The sentence that grabbed my attention was that Elastos was aiming to "build a decentralised operating system". I had no idea what it meant, but it's cool.
Explain Like I'm 5
Note: I normally don't do this and I actually wrote this section after completing the rest of the article. I have moved it to the top as I feel many will benefit from it as I have found Elastos to be a particularly difficult project to explain.
Elastos is an operating system, a decentralised internet and a Virtual Machine (VM) tool all wrapped up into one. It has its own operating system to run on devices without one (e.g. IoT devices), it aims to improve security by using the blockchain as an internet protocol rather than TCP/IP and it allows DApps to run across any operating system - including phones - using what is essentially a VM (called Elastos Runtime).
It works to improve security by assigning everything running on Elastos (including devices, digital assets, servers, DApps) their own ID or 'Universal Unique Identifier'. This is checked on startup by the Elastos blockchain and only following validation is an internet connection established. This aids prevent DDoS attacks. Furthermore as all DApps run on Runtime they do not touch the device, Elastos OS or any other DApp - they essentially operate in a vacuum.
There are other projects which aim to do some parts of Elastos but there are none (to my knowledge) that are trying to combine it all as is attempting to do.
What is it?
Let’s break down the whitepaper bit by bit, beginning with the introduction and vision:
- Elastos aims to create a new kind of Internet, powered by blockchain technology: This is similar to many of the claims made about Ethereum and others.
- Elastos wants to make digital assets scarce, identifiable and tradable.
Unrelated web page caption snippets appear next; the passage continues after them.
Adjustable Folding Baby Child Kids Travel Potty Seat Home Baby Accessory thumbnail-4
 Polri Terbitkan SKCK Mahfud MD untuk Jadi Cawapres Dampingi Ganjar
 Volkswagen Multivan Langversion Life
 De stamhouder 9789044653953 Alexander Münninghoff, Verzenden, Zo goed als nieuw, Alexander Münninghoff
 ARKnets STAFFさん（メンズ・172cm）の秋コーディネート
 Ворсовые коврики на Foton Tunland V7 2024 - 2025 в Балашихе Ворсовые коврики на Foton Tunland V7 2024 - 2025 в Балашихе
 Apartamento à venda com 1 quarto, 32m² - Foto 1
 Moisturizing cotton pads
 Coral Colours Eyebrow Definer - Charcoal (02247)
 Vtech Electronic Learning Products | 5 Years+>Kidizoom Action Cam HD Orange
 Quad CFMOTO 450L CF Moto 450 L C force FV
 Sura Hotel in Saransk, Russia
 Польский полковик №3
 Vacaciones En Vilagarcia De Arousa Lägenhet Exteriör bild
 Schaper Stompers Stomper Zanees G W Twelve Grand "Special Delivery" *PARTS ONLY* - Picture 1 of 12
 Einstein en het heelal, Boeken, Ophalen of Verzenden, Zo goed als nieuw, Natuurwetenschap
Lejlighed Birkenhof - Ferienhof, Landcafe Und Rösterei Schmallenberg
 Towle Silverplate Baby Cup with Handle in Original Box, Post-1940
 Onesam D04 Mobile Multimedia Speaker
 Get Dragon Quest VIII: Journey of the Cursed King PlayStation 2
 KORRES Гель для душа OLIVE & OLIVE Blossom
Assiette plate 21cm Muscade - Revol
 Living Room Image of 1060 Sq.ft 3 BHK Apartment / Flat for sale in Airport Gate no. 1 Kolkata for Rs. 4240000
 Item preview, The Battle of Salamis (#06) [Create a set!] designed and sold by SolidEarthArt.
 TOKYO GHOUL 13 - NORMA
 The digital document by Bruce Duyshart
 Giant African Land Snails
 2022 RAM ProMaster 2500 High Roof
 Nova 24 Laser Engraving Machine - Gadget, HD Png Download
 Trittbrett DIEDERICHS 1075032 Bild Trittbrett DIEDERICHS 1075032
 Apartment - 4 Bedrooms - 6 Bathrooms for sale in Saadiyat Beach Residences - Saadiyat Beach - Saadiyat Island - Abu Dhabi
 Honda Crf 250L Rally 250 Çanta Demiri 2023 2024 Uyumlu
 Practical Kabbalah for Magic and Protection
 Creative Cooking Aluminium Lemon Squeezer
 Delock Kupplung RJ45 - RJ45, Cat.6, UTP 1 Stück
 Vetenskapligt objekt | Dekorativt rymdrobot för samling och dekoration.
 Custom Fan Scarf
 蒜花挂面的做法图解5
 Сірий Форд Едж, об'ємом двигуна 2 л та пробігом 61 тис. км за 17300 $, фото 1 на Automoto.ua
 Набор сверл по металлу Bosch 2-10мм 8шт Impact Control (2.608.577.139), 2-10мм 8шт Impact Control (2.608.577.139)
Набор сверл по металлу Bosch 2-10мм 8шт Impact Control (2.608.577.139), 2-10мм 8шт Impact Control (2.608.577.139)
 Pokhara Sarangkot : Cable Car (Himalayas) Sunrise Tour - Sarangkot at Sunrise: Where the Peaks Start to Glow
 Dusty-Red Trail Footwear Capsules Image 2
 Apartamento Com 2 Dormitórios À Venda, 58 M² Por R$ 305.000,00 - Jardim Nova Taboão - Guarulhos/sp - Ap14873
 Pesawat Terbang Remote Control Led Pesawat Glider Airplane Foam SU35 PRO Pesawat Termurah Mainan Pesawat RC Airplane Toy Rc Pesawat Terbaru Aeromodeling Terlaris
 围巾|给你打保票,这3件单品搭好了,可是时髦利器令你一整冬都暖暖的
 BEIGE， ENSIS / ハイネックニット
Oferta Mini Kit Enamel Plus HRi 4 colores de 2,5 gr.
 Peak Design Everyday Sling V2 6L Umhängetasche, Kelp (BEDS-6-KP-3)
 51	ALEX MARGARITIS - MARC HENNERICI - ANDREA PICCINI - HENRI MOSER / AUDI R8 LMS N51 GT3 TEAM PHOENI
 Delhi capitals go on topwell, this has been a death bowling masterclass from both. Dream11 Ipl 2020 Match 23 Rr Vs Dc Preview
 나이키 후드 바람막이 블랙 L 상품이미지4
Property rights pave the way for wealth creation, and Elastos intends to build a new World Wide Web that respects those rights: Whilst there are other projects sharing this goal, I’m not sure any of the other platforms have made this as high a priority as Elastos have, given this in the opening paragraph of the whitepaper.
- The goal is to create an Internet that allows users to access articles, movies and games directly, without going through a media player or another platform intermediary: Again, there are other projects aiming to let people do this but it is more DApps aiming to do this, not platforms. It is interesting that they aim to bypass other media players entirely here.
- Elastos will be a platform for decentralized applications (Dapps) that runs on a peer-to-peer network with no centralized control: Nothing particularly new here.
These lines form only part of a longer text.